GIVEN RECORDS Start Marker

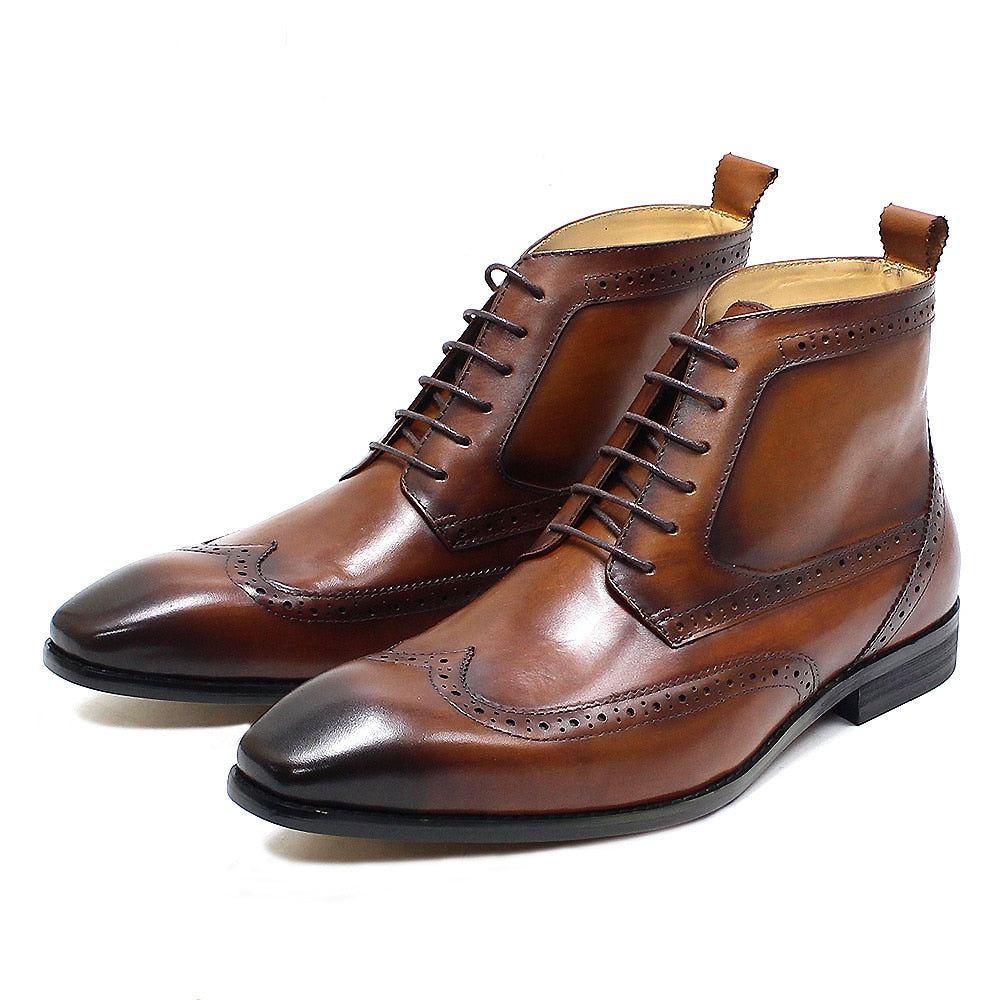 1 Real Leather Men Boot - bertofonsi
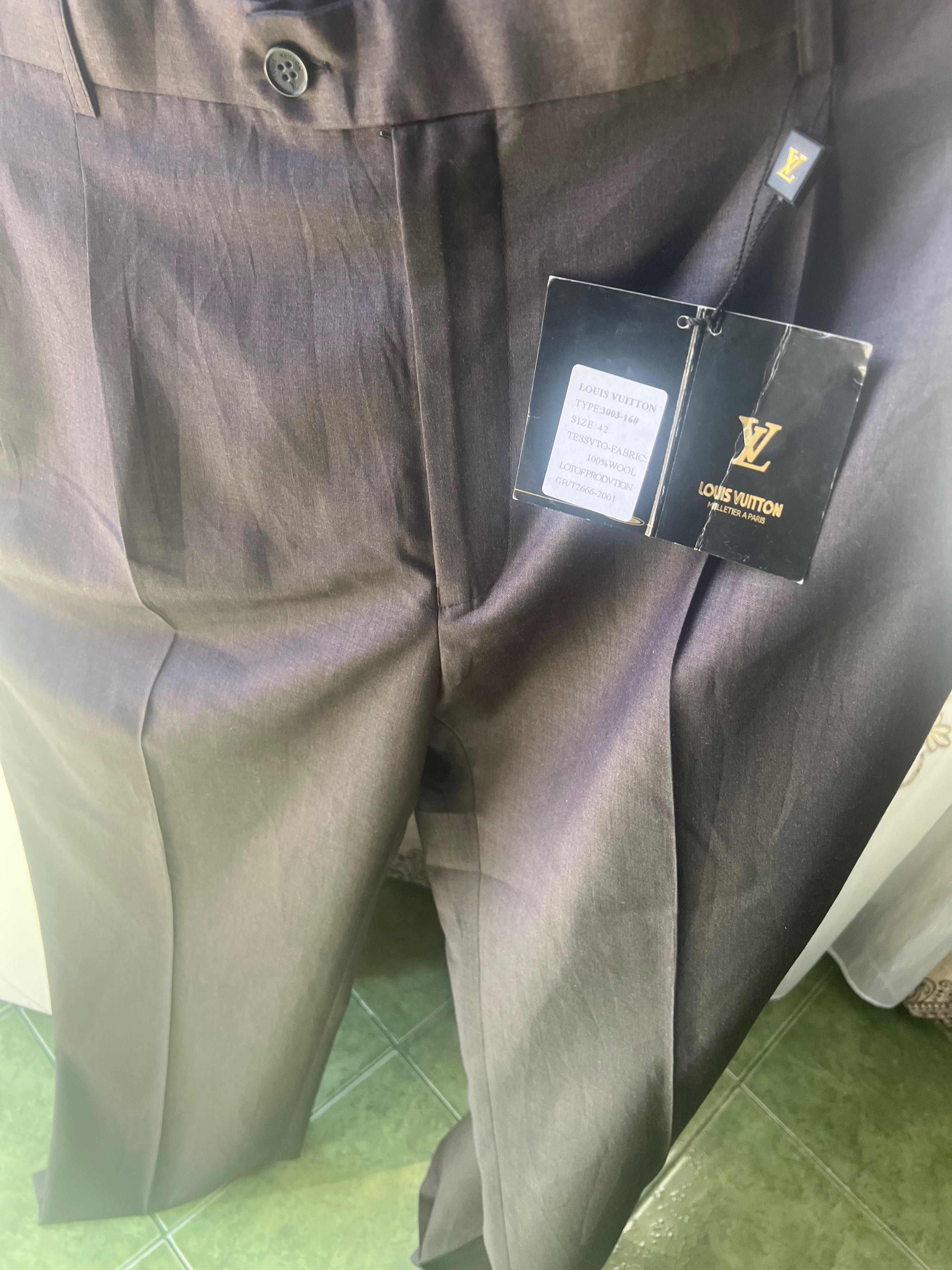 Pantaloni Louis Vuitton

GIVEN RECORDS End Marker
GIVEN RECORDS Start Marker

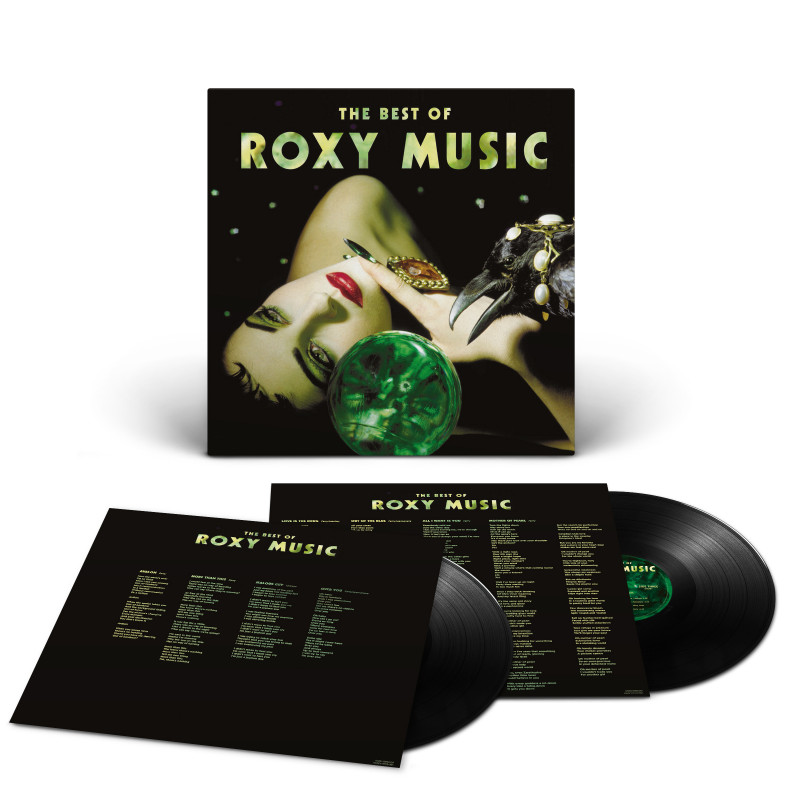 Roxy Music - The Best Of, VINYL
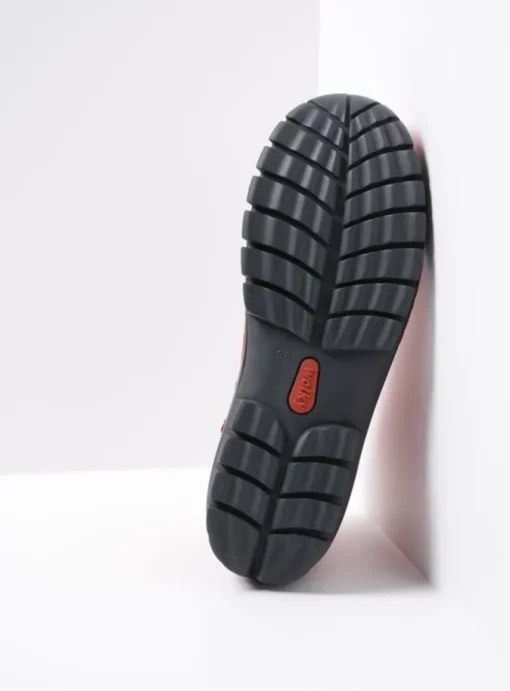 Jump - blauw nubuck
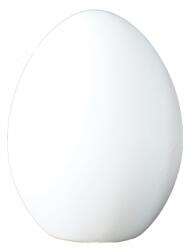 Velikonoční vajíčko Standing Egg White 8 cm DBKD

GIVEN RECORDS End Marker

## WHAT YOU HAVE TO DO
Pictures excluded, give again exactly and only the lines of the material above from the line with "1 Real Leather Men Boot - bertofonsi" through the line with "Pantaloni Louis Vuitton".

## EXERCISE SOLUTION
 1 Real Leather Men Boot - bertofonsi
 Pantaloni Louis Vuitton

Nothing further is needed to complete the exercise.